Every time Des McAlea travels the road between Belfast and Dublin he stops to pay his respects to his friends Fran O’Toole, Brian McCoy and Tony Geraghty. When he makes that same journey this week, it will be different.

“I’m going to have a chat with Fran, Brian and Tony, and I’m going to tell them about what happened, and that I’m so glad we got closure for their families.

“I’m going to leave flowers and I’m going to say a few prayers and I’m going to wish them a Happy Christmas.

“It’s going to be very emotional, but it’s something I want to do and I will do.”

On a summer’s night in July 1975 the friends – all members of the Miami Showband – were travelling home to Dublin from a gig in Banbridge, Co Down. Near Newry they were stopped at a fake checkpoint set up by Ulster Defence Regiment (UDR) soldiers and Ulster Volunteer Force (UVF) paramilitaries. O’Toole, McCoy and Geraghty were murdered; McAlea and another band member, Stephen Travers, survived.

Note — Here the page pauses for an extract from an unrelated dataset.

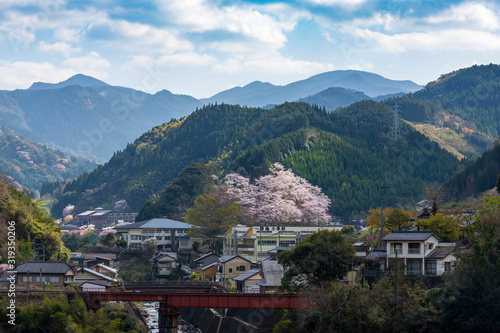 春の季節 晴天の山並みと田舎街並みに美しい桜の木　球磨川　Spring season Beautiful cherry blossom trees in sunny mountains and countryside　Kumagawa photo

Last Monday they and relatives of the victims were awarded £1.5 million in total damages at the High Court in Belfast to settle claims against the Ministry of Defence and the Police Service of Northern Ireland (PSNI) over collusion between the security forces and loyalist paramilitaries.

“We got justice, and I just want to see all the others – there’s the Dublin and Monaghan bombings, there’s the Omagh bombings – I would love to see all these people getting justice,” says McAlea. “I hope our case sets a precedent.”

For more than 50 years, the “Miami” has been part of McAlea’s life. In his livingroom in Belfast he sits surrounded by photographs of his bandmates. “I wake up to this every day, it’s with me 24 hours a day, 365 days of the year, and to be honest with you, that’s the way I want it.”

A talented saxophonist, he joined the band in 1967, aged 18. “It was very, very exciting. We would have 2,000 people inside a ballroom and 2,000 people outside a ballroom…The adoration we got from the fans was just incredible, the screaming at us and begging us for autographs and photographs, they were just incredible years.

“We had good times, and working with Fran – Fran was like my brother, as were all the guys, we were all one big happy family, and Fran was my songwriting partner and I miss the guys so much, so much.”

‘Absolute mayhem’

That night they were stopped at what they believed was a military checkpoint; they were told to step out of the van and line up facing a ditch.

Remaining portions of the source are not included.